Lest there be any doubt about how much Shaked agrees with Elitzur, she said the following just before the full-scale war on Gaza last summer: “This is not a war against terror, and not a war against extremists, and not even a war against the Palestinian Authority. The reality is that this is a war between two people. Who is the enemy? The Palestinian people. Why? Ask them, they started it.”

Shaked is certain to work hard to undermine Israel’s fragile legal system. She will also be heading the powerful Ministerial Committee for Legislation and the Judicial Appointments Committee, giving her even more leverage to eliminate a legal system that she sees as a bastion of the left. Moreover, she is very likely to be minister of justice when the next attorney general is appointed.

Uri Ariel can be equally certain to press hard for as much settlement expansion—all over the West Bank and, especially, in East Jerusalem—as the available shekels and the defense minister, who will still be Moshe Ya’alon, will allow. I would rather not even think about what Bennett, the new minister of education, is going to do to the minds of Israeli students. Academia is also thought of as a bastion of the left in Israel, and the climate for free thought in Israeli institutions is certainly threatened now.

A Question of Longevity

The real question about all of this is how long it will last.
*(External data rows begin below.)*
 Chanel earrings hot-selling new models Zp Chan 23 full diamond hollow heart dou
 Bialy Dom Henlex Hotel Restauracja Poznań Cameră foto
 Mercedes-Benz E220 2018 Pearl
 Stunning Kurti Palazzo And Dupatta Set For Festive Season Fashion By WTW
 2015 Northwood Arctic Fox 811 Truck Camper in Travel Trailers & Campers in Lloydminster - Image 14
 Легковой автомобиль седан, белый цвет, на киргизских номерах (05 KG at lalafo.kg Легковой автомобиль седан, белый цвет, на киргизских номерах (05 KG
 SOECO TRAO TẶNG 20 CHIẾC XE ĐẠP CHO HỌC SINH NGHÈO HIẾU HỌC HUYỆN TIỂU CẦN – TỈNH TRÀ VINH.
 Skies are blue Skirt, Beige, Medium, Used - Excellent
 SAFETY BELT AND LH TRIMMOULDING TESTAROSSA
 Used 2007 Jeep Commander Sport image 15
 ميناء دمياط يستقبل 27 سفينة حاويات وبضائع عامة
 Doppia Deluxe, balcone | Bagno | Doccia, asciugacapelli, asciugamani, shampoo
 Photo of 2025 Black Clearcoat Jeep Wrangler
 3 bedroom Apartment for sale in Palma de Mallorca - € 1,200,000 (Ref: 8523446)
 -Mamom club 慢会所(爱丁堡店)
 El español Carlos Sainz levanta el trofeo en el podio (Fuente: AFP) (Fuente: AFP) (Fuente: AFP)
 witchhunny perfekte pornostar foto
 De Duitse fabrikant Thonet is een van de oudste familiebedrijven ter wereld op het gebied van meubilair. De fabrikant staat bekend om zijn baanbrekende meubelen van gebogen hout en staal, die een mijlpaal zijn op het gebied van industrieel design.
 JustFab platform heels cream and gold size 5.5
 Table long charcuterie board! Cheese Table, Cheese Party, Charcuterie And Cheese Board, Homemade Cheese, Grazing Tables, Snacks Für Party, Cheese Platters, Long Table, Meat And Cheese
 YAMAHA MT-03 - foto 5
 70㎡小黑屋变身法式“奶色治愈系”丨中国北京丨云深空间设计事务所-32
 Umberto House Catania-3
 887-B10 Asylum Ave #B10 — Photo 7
An ultra-right government like this one is not going to get along well with the Obama administration or most of Europe, although the Republican-led Congress is likely to fall in love with it. Some may hope that this will be a case of things getting so bad that political pressure for improvement must come. Sadly, such is not the history of Israel or of this conflict.

Netanyahu will be spending the next few months trying to woo Isaac Herzog into the government, and this is what the whole game comes down to. If Herzog joins and creates a national unity government of 85 seats, this government will survive. The Labor Party, which makes up most of the Zionist Union, is unlikely to provide much of a counter to the right-wing majority. Much more likely is that, as has happened in the past, many of Labor’s Knesset members and other leaders will bolt the party rather than serve as a fig leaf for such a far-right government.

If Herzog does not join the government, this fourth Netanyahu government will not outlast Barack Obama’s presidency, and might not even come close. The right wing does not play well together, and it will take nothing more than a few well-timed votes of no-confidence to take down this government even if none of the parties bolts. Even that scenario, however, offers little hope. The last elections were hailed as a comeback for Labor, but the center and left still cannot form a coalition without the Joint List (a coalition of mostly Arab parties), and that remains anathema in Israeli politics. In fact, little changed in the left-right balance in the last elections, and that is showing no signs of turning around.

It has never been clearer that positive change in Israel is going to require some sort of meaningful action by the United States and/or Europe. If that does not come, and it does not seem to be on the horizon, disaster looms.